Records supplied →
--- START ---

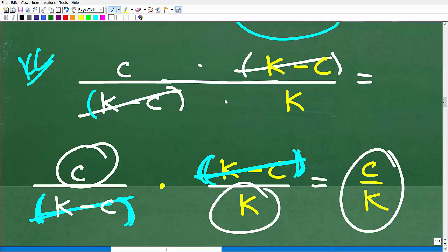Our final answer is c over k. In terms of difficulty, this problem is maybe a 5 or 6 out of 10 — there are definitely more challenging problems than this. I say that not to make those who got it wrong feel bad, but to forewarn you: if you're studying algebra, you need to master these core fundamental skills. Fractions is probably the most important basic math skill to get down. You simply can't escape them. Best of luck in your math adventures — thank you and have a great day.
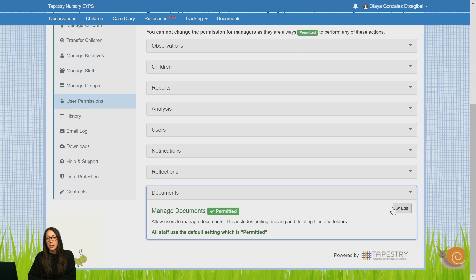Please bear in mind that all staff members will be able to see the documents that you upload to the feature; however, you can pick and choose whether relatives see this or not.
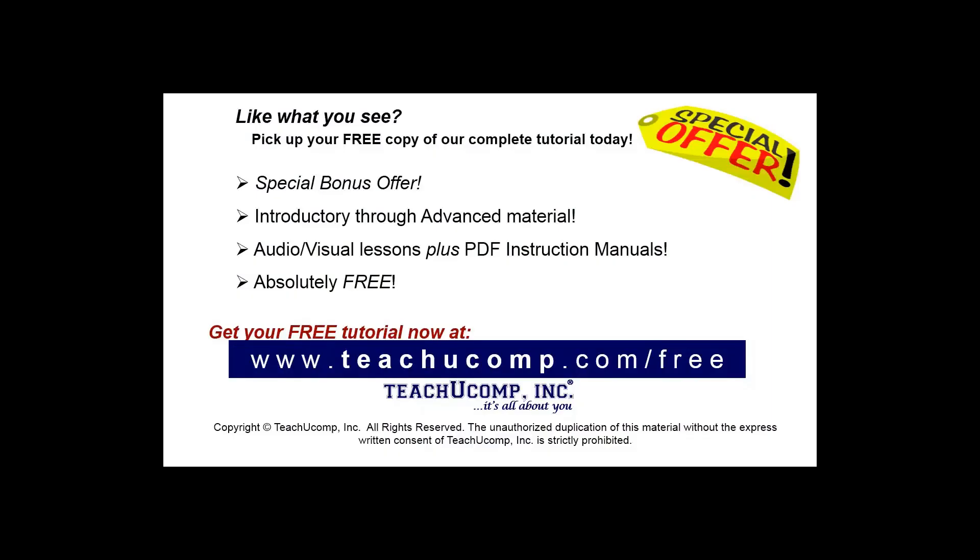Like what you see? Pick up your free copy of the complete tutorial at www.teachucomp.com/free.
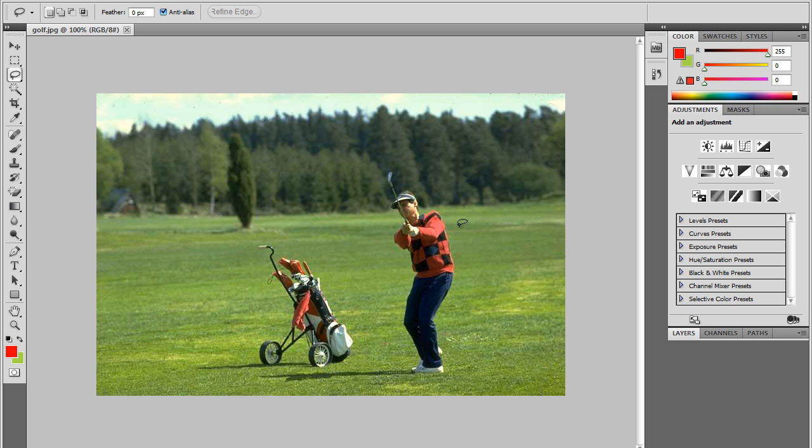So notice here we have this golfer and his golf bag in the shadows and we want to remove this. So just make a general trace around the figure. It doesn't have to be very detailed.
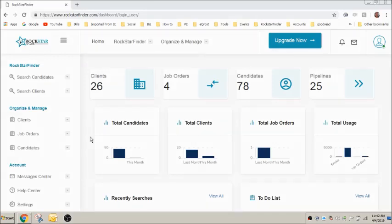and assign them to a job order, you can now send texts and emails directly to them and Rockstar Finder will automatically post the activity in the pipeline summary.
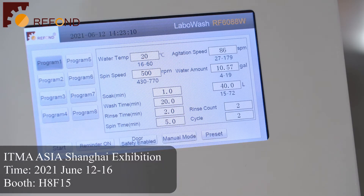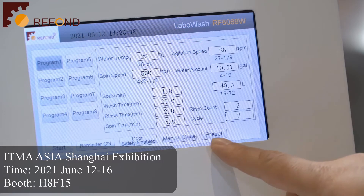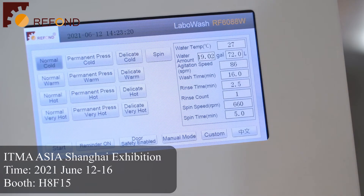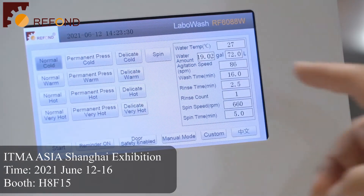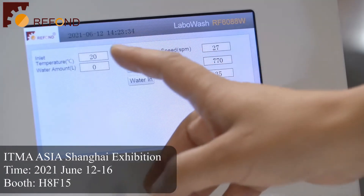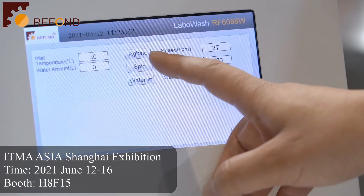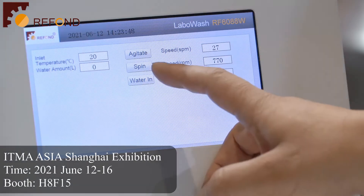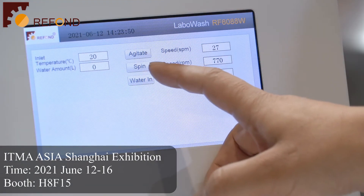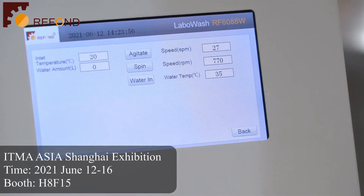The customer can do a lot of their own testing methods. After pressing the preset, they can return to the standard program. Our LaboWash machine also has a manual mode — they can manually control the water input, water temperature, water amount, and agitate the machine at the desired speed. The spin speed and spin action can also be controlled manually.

--- END ---
--- START ---

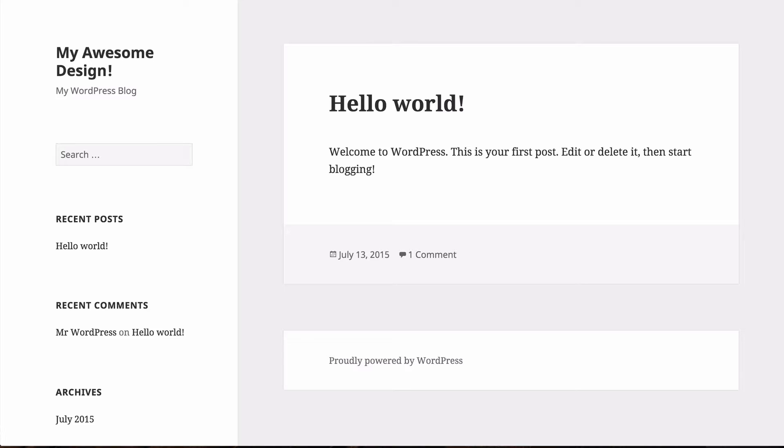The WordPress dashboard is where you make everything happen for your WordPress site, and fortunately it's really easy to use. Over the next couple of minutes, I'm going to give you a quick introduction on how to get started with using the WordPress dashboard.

--- END ---
--- START ---

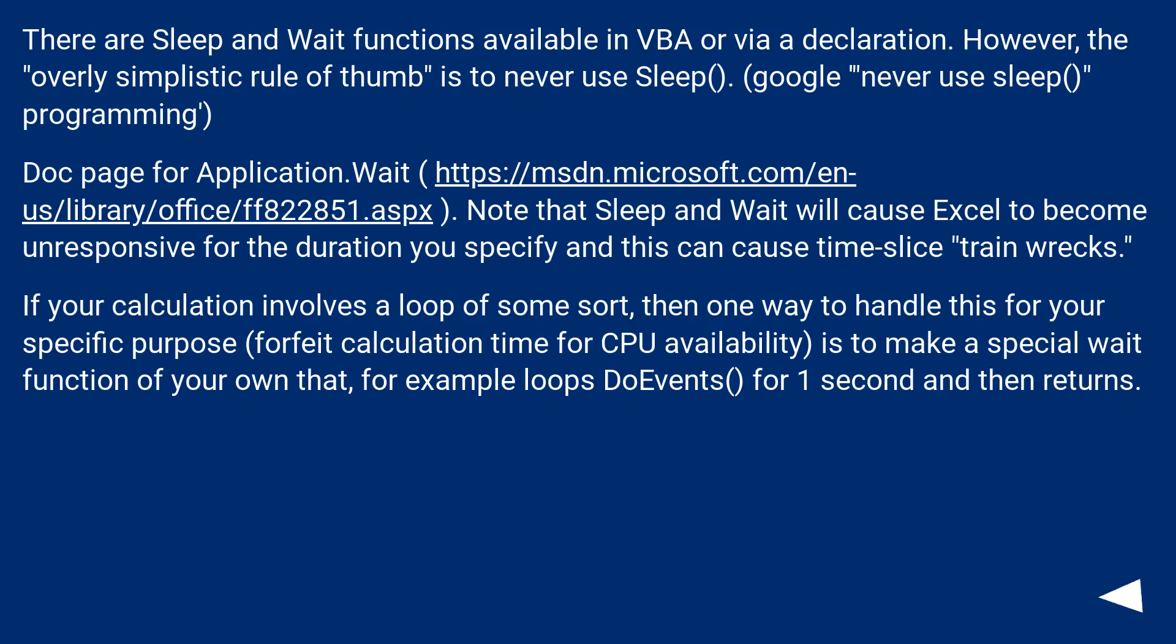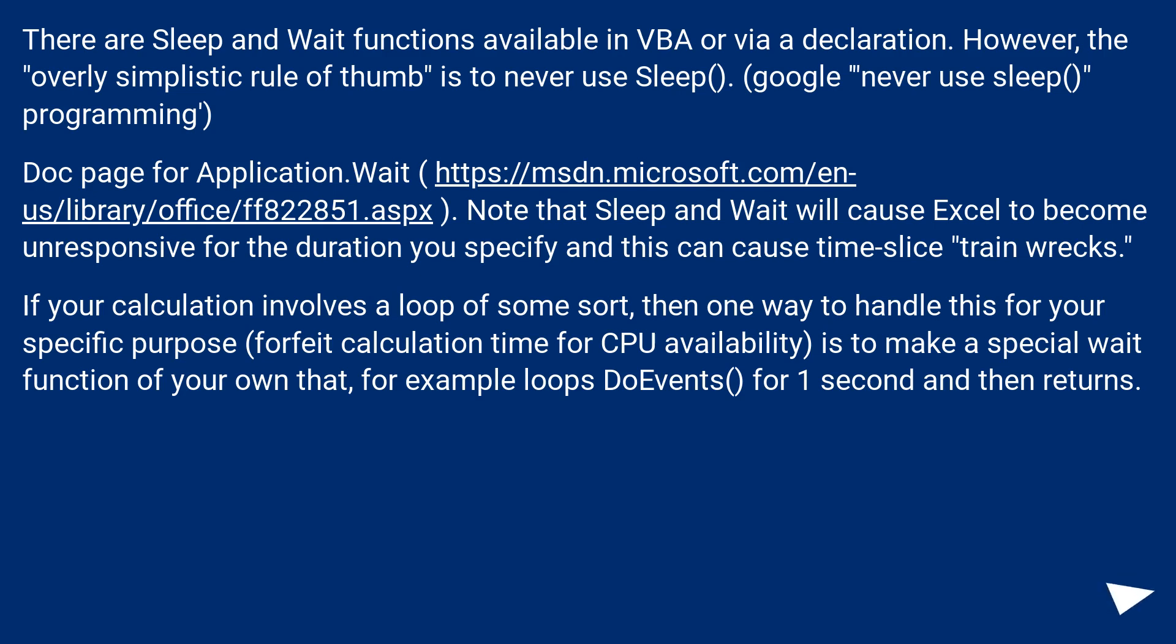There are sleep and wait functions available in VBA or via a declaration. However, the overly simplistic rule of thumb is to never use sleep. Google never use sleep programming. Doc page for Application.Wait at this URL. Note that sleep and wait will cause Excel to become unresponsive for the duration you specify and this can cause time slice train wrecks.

--- END ---

Exercise goal →
From the records above, copy only the lines running from the line containing "So notice here" to the line containing "The customer can", both ends included. Leave the pictures out.

Output →
So notice here we have this golfer and his golf bag in the shadows and we want to remove this. So just make a general trace around the figure. It doesn't have to be very detailed.
and assign them to a job order, you can now send texts and emails directly to them and Rockstar Finder will automatically post the activity in the pipeline summary.
The customer can do a lot of their own testing methods. After pressing the preset, they can return to the standard program. Our LaboWash machine also has a manual mode — they can manually control the water input, water temperature, water amount, and agitate the machine at the desired speed. The spin speed and spin action can also be controlled manually.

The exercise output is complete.